◆ WHAT YOU NEED TO DO ◆
Please output the listing below character for character and omit the images.

START SOURCE MATERIAL

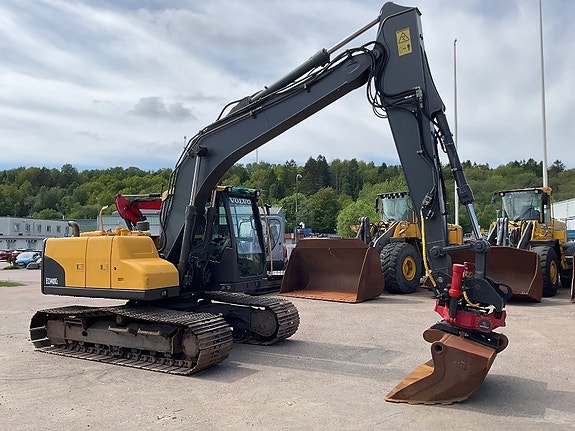 Volvo EC 140 C L 12 of 16
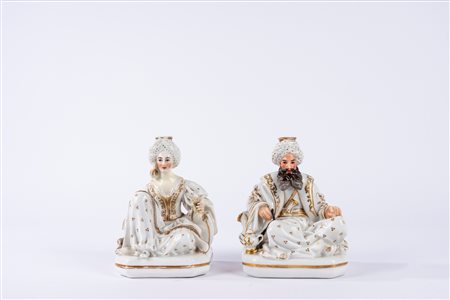 Due bottiglie portaprofumo in porcellana bianca, policroma e dorata in forma di sultani o “Turchi”. Jacob Petit, secolo XIX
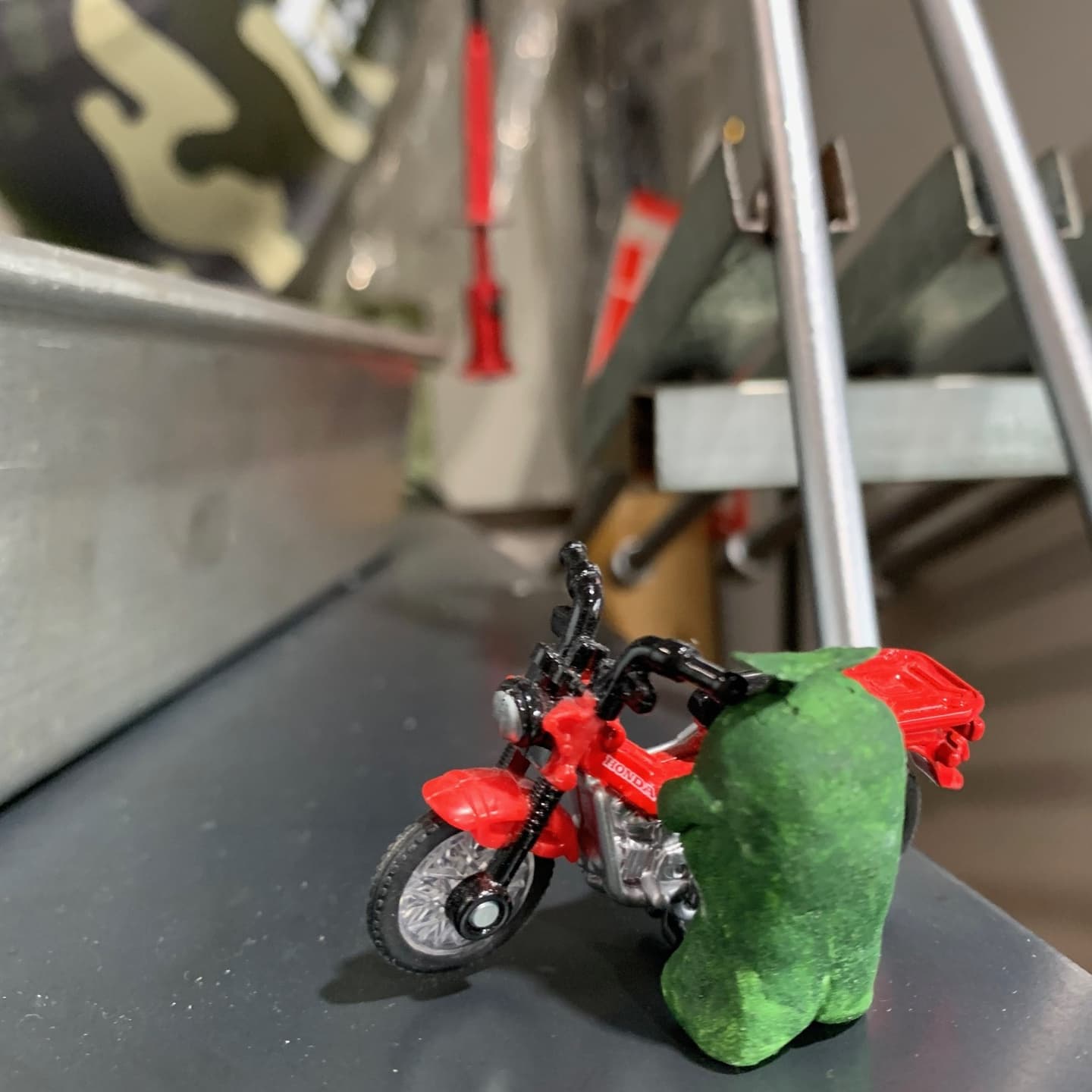 秘密基地兼バイク屋カスタム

END SOURCE MATERIAL

◆ RESULT BELOW ◆
 Volvo EC 140 C L 12 of 16
 Due bottiglie portaprofumo in porcellana bianca, policroma e dorata in forma di sultani o “Turchi”. Jacob Petit, secolo XIX
 秘密基地兼バイク屋カスタム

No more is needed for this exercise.